A capo della parrocchia di Qaryatayn, non lontana da Palmira, in Siria, padre Mourad fu sequestrato dagli uomini dello Stato Islamico il 21 maggio del 2015. Rimase prigioniero per 140 giorni prima di essere liberato, il 10 ottobre dello stesso anno.
Minacciato più volte di decapitazione se non si fosse convertito all’Islam, picchiato e vittima di una simulazione di esecuzione, le condizioni di detenzione di padre Mourad assomigliavano a una Via Crucis.
“La prima settimana è stata la più difficile”, racconta.

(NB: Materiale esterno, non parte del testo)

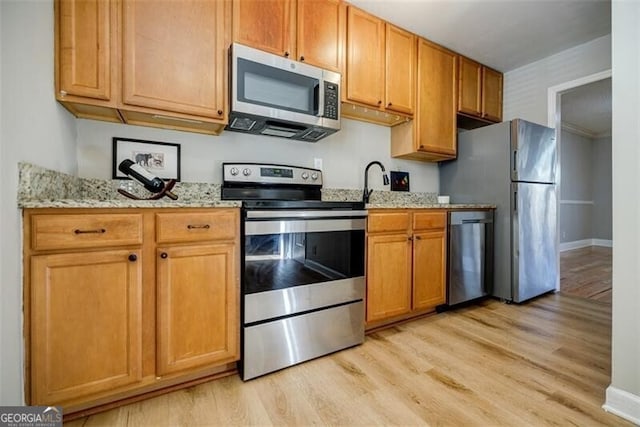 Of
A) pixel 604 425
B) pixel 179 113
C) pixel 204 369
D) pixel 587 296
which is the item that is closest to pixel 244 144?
pixel 179 113

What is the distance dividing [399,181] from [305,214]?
151 centimetres

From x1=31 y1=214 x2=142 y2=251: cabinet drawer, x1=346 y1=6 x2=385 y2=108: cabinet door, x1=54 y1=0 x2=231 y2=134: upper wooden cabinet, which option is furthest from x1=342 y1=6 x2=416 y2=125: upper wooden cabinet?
x1=31 y1=214 x2=142 y2=251: cabinet drawer

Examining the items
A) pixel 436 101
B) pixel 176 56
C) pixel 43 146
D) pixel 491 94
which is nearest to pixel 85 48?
pixel 176 56

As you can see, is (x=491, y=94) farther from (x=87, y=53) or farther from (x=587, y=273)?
(x=87, y=53)

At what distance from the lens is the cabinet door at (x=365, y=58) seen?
209 centimetres

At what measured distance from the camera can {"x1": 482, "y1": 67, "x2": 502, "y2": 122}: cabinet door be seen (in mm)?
2994

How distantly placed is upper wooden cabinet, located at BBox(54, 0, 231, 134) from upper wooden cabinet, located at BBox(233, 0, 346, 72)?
0.12 m

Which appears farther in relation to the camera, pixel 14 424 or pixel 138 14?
pixel 138 14

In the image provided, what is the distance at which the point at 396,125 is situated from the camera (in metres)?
2.65

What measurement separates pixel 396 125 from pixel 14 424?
9.43ft

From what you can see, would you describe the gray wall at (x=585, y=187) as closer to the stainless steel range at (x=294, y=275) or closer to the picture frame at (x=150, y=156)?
the stainless steel range at (x=294, y=275)

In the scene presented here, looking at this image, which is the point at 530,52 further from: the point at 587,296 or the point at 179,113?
the point at 179,113

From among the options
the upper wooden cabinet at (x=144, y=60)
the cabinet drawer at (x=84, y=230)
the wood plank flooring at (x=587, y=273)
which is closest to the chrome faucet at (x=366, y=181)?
the upper wooden cabinet at (x=144, y=60)

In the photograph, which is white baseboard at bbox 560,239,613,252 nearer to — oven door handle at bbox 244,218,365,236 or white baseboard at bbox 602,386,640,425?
white baseboard at bbox 602,386,640,425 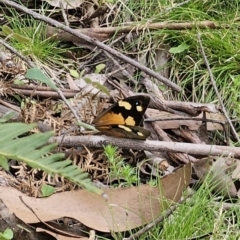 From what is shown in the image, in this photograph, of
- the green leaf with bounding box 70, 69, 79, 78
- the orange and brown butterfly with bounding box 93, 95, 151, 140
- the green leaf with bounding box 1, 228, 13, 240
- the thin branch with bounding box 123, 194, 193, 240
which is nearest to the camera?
the green leaf with bounding box 1, 228, 13, 240

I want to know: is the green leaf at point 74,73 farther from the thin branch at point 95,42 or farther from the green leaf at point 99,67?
the thin branch at point 95,42

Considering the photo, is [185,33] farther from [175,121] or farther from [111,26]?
[175,121]

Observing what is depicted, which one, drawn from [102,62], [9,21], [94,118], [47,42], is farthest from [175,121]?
[9,21]

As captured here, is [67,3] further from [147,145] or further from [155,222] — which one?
[155,222]

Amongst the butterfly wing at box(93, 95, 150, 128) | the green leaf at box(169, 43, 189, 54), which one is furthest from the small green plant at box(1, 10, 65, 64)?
the butterfly wing at box(93, 95, 150, 128)

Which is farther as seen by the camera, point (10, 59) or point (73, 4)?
point (73, 4)

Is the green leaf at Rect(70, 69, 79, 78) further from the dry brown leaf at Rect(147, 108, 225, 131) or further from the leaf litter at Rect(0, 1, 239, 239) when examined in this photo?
the dry brown leaf at Rect(147, 108, 225, 131)

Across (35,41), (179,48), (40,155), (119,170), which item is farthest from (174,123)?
(40,155) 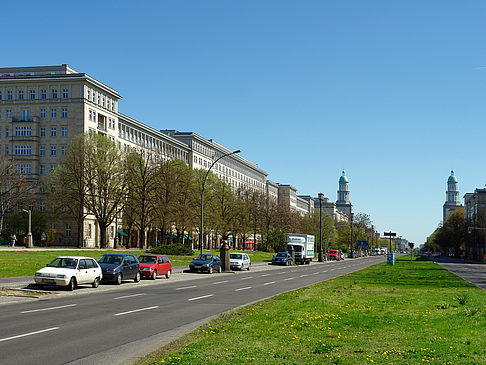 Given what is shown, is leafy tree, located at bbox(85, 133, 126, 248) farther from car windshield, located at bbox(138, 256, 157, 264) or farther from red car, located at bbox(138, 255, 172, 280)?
red car, located at bbox(138, 255, 172, 280)

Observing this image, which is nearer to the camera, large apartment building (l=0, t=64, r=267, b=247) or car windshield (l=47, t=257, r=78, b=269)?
car windshield (l=47, t=257, r=78, b=269)

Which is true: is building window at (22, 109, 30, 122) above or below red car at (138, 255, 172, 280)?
above

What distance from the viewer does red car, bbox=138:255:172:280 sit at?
1399 inches

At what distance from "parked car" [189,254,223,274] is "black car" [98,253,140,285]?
37.5 feet

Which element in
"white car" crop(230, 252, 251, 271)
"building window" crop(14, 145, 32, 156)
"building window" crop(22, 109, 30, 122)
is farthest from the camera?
"building window" crop(22, 109, 30, 122)

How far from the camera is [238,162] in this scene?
170m

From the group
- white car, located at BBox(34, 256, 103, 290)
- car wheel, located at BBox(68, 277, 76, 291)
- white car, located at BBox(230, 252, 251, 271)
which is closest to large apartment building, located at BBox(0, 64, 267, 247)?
white car, located at BBox(230, 252, 251, 271)

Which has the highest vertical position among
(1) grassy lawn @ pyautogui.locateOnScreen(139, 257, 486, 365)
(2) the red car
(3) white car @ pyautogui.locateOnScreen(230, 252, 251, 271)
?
(1) grassy lawn @ pyautogui.locateOnScreen(139, 257, 486, 365)

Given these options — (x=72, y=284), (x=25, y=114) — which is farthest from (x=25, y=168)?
(x=72, y=284)

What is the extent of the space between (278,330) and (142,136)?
352ft

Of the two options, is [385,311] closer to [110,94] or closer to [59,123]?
[59,123]

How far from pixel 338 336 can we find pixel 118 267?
20182 millimetres

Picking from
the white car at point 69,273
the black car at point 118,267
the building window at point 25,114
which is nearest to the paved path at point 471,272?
the black car at point 118,267

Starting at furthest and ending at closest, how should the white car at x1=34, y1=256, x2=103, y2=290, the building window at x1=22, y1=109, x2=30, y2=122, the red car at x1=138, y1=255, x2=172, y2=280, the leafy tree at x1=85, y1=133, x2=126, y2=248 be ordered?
1. the building window at x1=22, y1=109, x2=30, y2=122
2. the leafy tree at x1=85, y1=133, x2=126, y2=248
3. the red car at x1=138, y1=255, x2=172, y2=280
4. the white car at x1=34, y1=256, x2=103, y2=290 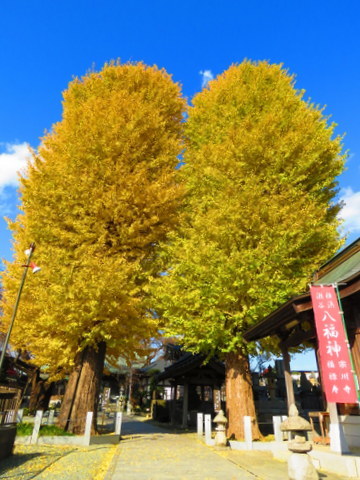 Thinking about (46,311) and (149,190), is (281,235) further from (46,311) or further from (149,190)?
(46,311)

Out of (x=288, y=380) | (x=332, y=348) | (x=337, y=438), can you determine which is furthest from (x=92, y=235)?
(x=337, y=438)

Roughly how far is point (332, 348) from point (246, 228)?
4.70m

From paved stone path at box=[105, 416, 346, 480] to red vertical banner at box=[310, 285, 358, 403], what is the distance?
4.95 feet

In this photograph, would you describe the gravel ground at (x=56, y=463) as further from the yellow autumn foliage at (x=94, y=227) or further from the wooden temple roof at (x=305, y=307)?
the wooden temple roof at (x=305, y=307)

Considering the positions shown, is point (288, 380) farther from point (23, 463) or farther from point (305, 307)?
point (23, 463)

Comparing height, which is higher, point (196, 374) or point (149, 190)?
point (149, 190)

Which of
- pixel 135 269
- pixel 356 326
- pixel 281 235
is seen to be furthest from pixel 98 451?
pixel 281 235

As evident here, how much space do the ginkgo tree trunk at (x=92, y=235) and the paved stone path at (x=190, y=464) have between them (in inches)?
119

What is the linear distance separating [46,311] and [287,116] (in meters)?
11.4

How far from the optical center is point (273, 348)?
990 cm

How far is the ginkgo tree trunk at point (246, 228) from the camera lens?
8.88 metres

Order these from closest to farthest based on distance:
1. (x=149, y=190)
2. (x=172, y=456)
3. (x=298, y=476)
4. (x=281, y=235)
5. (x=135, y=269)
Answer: (x=298, y=476) < (x=172, y=456) < (x=281, y=235) < (x=135, y=269) < (x=149, y=190)

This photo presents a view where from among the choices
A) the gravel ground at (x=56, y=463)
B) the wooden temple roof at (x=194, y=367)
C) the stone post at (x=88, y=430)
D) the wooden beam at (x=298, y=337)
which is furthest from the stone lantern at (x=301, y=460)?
the wooden temple roof at (x=194, y=367)

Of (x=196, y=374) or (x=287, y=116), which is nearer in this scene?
(x=287, y=116) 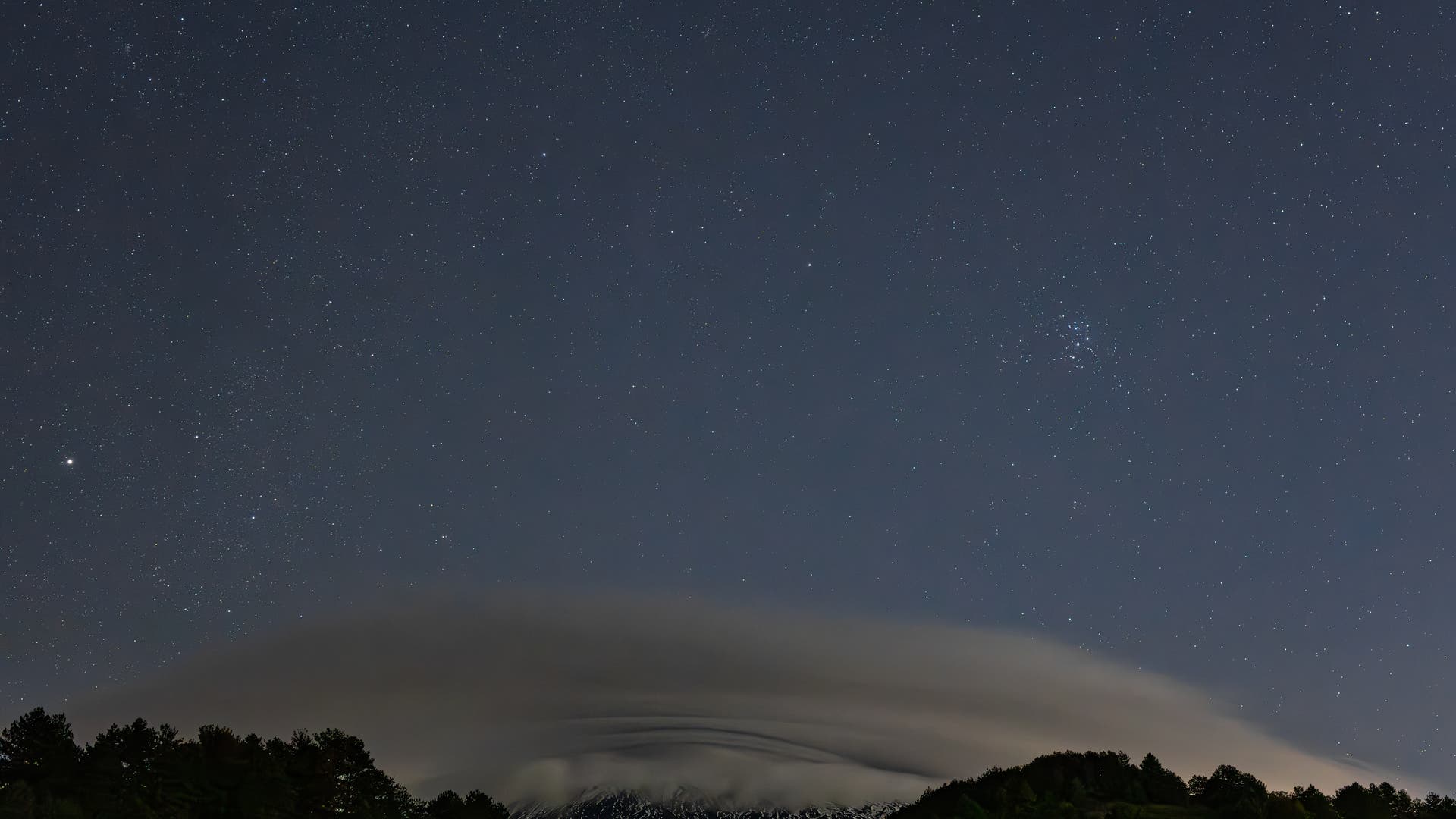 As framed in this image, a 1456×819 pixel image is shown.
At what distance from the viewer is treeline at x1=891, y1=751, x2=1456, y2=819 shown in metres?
67.2

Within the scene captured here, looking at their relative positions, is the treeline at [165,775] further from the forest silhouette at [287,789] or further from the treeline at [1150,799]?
the treeline at [1150,799]

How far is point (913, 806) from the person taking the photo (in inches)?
4368

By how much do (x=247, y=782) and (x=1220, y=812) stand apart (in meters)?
73.5

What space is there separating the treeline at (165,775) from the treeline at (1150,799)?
54.7 metres

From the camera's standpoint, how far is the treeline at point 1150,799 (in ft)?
221

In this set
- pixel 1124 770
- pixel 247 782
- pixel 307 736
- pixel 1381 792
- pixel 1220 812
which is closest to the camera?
pixel 1220 812

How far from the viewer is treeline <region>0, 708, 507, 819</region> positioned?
71.9 metres

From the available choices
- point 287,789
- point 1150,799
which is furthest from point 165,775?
point 1150,799

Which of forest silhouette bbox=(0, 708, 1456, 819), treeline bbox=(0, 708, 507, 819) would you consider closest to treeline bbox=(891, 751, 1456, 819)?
forest silhouette bbox=(0, 708, 1456, 819)

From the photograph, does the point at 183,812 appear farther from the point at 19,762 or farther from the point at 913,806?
the point at 913,806

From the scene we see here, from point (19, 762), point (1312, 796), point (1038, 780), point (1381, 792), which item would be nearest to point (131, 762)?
point (19, 762)

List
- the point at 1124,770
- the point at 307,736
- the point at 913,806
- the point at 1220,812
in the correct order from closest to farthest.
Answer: the point at 1220,812
the point at 1124,770
the point at 307,736
the point at 913,806

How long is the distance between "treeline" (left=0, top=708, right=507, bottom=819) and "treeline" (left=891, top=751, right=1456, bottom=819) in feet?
180

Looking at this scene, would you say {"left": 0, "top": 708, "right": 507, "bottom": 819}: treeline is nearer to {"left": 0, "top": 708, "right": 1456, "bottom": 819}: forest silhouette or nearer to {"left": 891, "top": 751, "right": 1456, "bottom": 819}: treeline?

L’ottavo giorno, un uomo vestito di nero entra nella sua cella. Padre Mourad crede sia giunta la sua ora e gli chiede la ragione del suo sequestro. “Prendilo come un ritiro spirituale”, gli risponde il suo carceriere.
“Da allora, con la preghiera, le mie giornate riacquistavano un senso”, confida il prete siriano. “Ho sentito che, attraverso di lui, era il Signore che mi aveva rivolto quelle parole. Grazie alla preghiera ho potuto riconquistare la pace. Era maggio, il mese di Maria. Io e il mio compagno di cella ci siamo messi a recitare il Rosario, cosa che prima non facevo spesso. Il mio rapporto con la Vergine ne è uscito rinnovato.”